§ **Description of the task**: Retype exactly the lines below, starting with the line that contains "Fifth view of" and ending with the last line; leave out any pictures.

§ **Recorded data**:
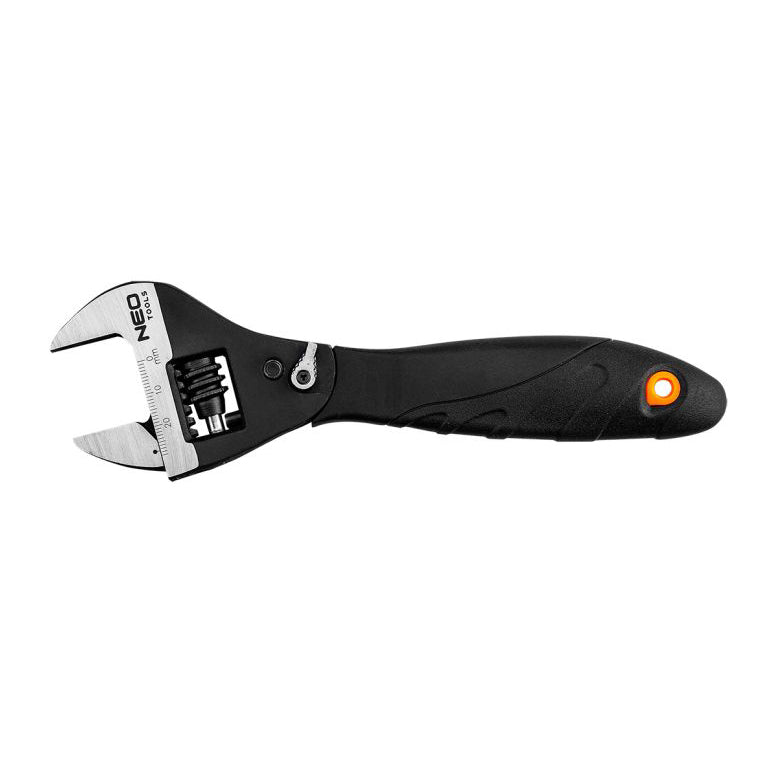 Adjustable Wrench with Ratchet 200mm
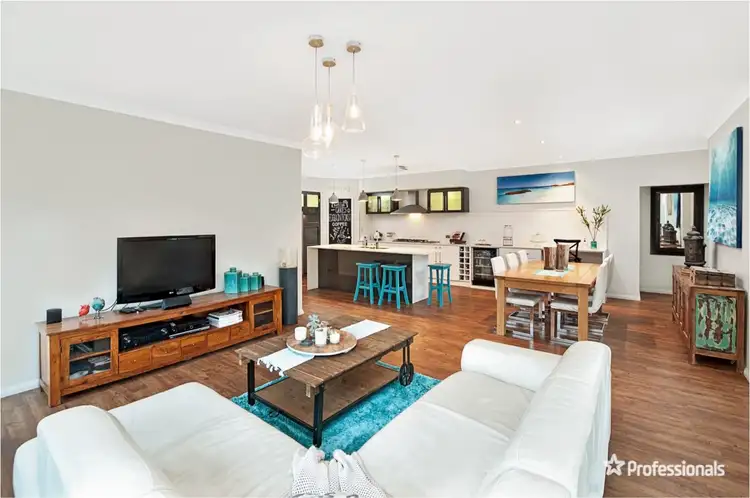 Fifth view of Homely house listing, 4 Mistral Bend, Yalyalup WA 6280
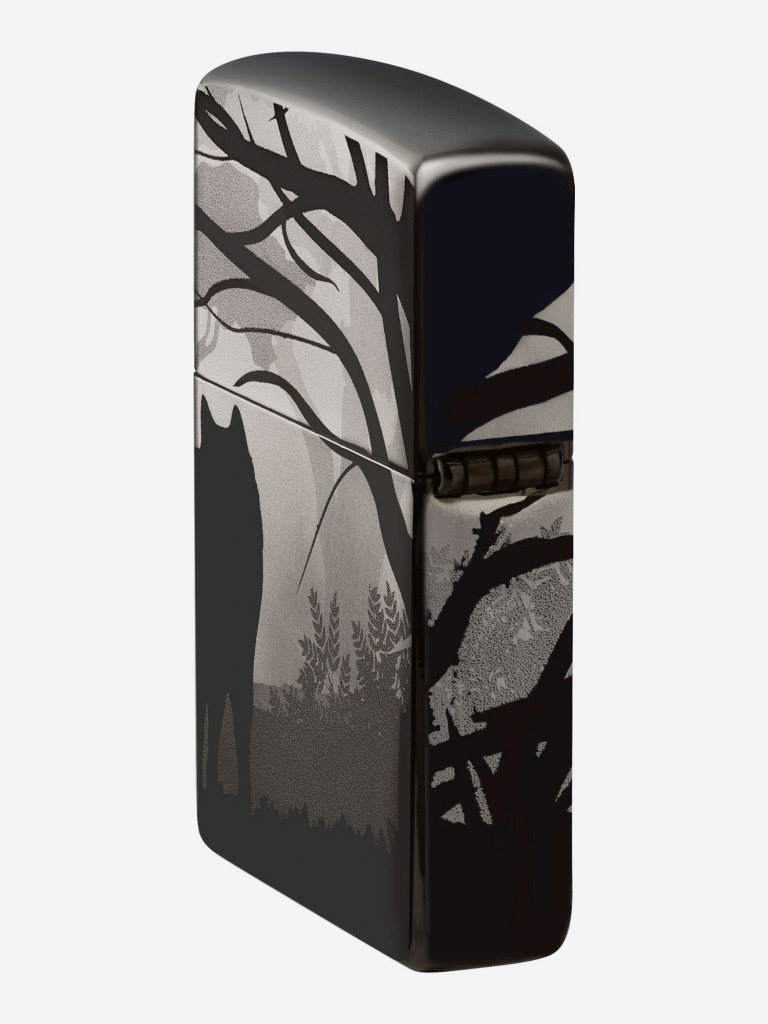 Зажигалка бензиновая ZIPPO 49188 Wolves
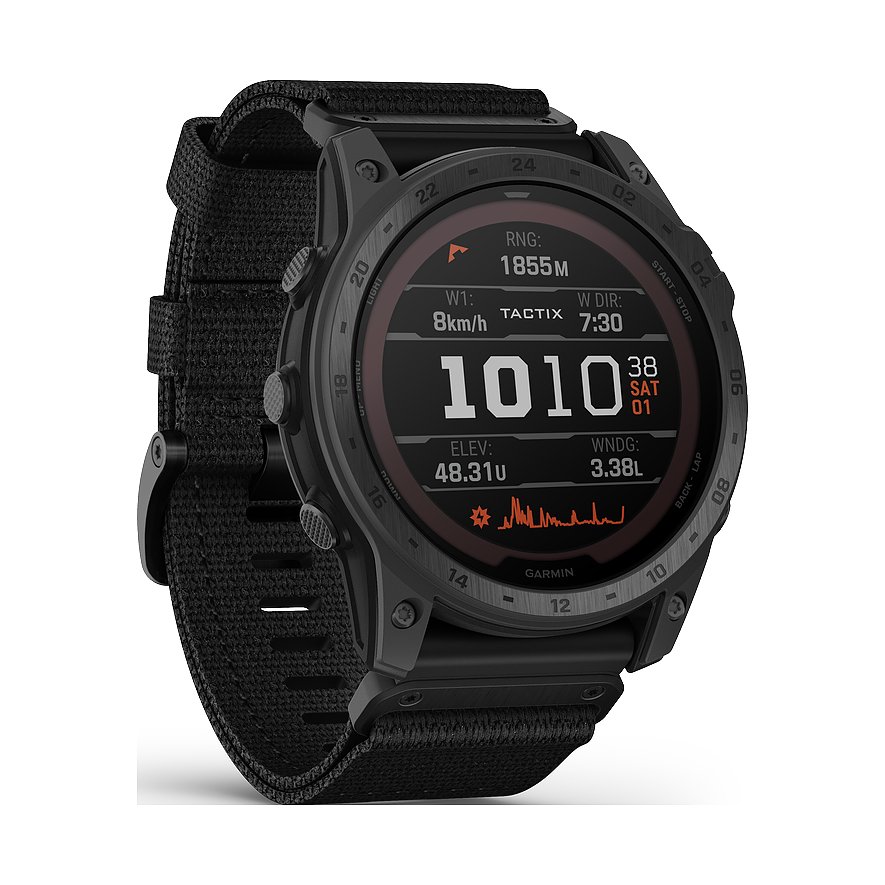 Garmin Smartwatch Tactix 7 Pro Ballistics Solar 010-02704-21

§ **Written solution**:
 Fifth view of Homely house listing, 4 Mistral Bend, Yalyalup WA 6280
 Зажигалка бензиновая ZIPPO 49188 Wolves
 Garmin Smartwatch Tactix 7 Pro Ballistics Solar 010-02704-21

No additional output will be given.